Columnist Marina Hyde expresses dismay that the scandal has been such a disruption to the British government, calling it Britain’s “official resignation from international life.”
Yet it says something about the banquet of horrors on offer that Tuesday's most exquisite irony did not even occur in a Westminster committee room. That honour surely belonged to David Cameron, literally sweating in Lagos as he was forced to address the growing perception of Britain as a banana republic. The prime minister wasn't accompanied by the Nigerian president - presumably the latter declined to share the podium with him on the basis that doing so could appear to tacitly legitimise the corruption that appears to be systemic in his opposite number's country. "This is a big problem," conceded Cameron of Britain's rapidly unravelling establishment. "But we are a big country."
Are we? To both trained and untrained eyes on Tuesday, we seemed a very small country indeed.

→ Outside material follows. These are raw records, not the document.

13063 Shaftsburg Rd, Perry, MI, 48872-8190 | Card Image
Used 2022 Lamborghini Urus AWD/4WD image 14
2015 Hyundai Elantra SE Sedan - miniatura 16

The remaining Murdoch-owned tabloid, The Sun, skipped over the boring stuff and went, perhaps unsurprisingly, for the shaving cream pie flung at Rupert Murdoch – and his wife’s surprisingly vehement response. “Rupert Murdoch attacked at phone hacking inquiry,” the headline read.
A noteworthy line: "As it resumed, Labour MP Tom Watson told Mr. Murdoch: 'Your wife has a very good left hook.' Mr. Murdoch and his wife were later seen holding hands in their car."